Between the Lines
Books that “Shelldazzle”
By some accounts, Sanibel Island is the seashell capital of the world, so it’s not surprising that seashellthemed books are commonly found on local shelves. Two such books hit the island in the past few months:
A Shell of a Problem and Shellanguage. Jennifer L. Schiff, who divides her time between Sanibel and New England, has written the first in what she is calling the Sanibel Island Mystery series. She says it is the type of book she enjoys reading—a cozy mystery. A Shell of a Problem is also the first piece of fiction from this tech and financial writer.

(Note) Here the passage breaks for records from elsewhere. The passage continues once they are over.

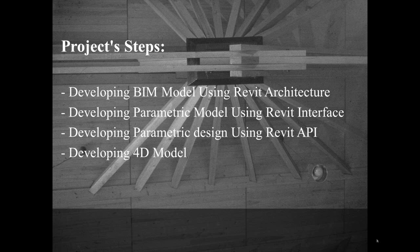First, I developed the building information model using Revit architecture for the town hall building. Then, I developed the parametric model using Revit interface which used families to insert the parametric model to the project. Then, I developed parametric design using Revit API which gives the possibility to use the parameters in the project. And finally, I developed the four-dimensional model using Navisworks which is software developed by Autodesk.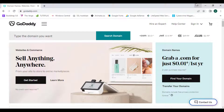Hi guys, welcome to Tech Fox. Today in this video we are going to explore what is GoDaddy.com, what are the positive sides and the negative sides of GoDaddy.com, and what are its services. I will also show you how to buy a domain name and a hosting plan on GoDaddy, and we are going to explore all the hosting plans. Now let's jump into it.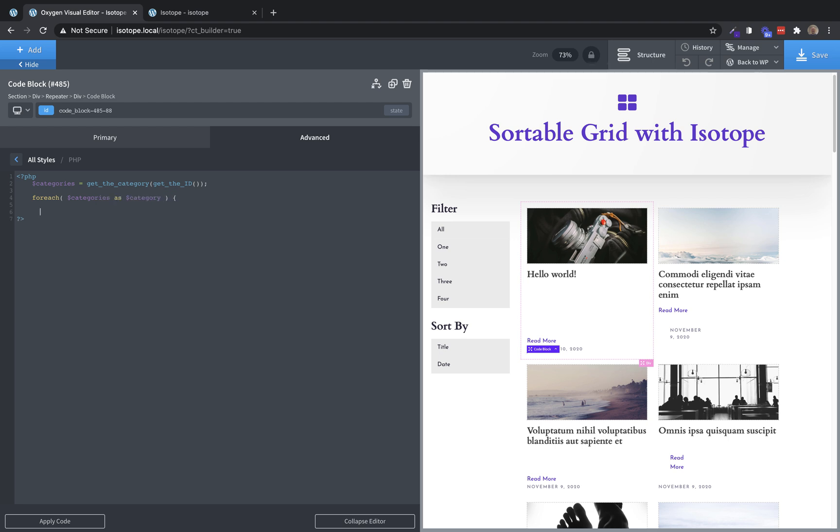And this gives us that category variable to work with. And we're going to echo a span with a class of category. And the text content of that span needs to be the actual category slug. So we're going to do dollar sign category. And then we'll access the slug property of that object, and then close the span.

Schiff has created a simple plot, with a decidedly island flair. When the star attraction—the so-called Golden Junonia—goes missing from the annual Sanibel Shell Show, local newspaper reporter Guinivere Jones is determined to find out what happened to it. The story gets more complicated when a chief suspect ends up dead. And then there’s just enough ro- mance involved to keep things interesting for Guin. A Shell of a Problem is quick and entertaining to read, made more fun because the author uses real places on Sanibel to tell the story, and the characters, while fictional, bear some small resemblance to various island personalities. On the other end of the spectrum is Shellanguage, written by local shelling enthusiast Pam Rambo. Rambo has devised her own humorous shelling “vocabshellary” and documented it in this slim volume, with beautiful photos and light-hearted drawings to illustrate each entry. From “abshellutely” to “Shellzam!”, Rambo defines more than 40 crazy shell words that all “cutie shellooties” will find “shellarious.” Both of these books aim to please the shell fanatics among us. Each should provide an amusing afternoon of beach reading … between shelling excursions. “Hasta shellvista.”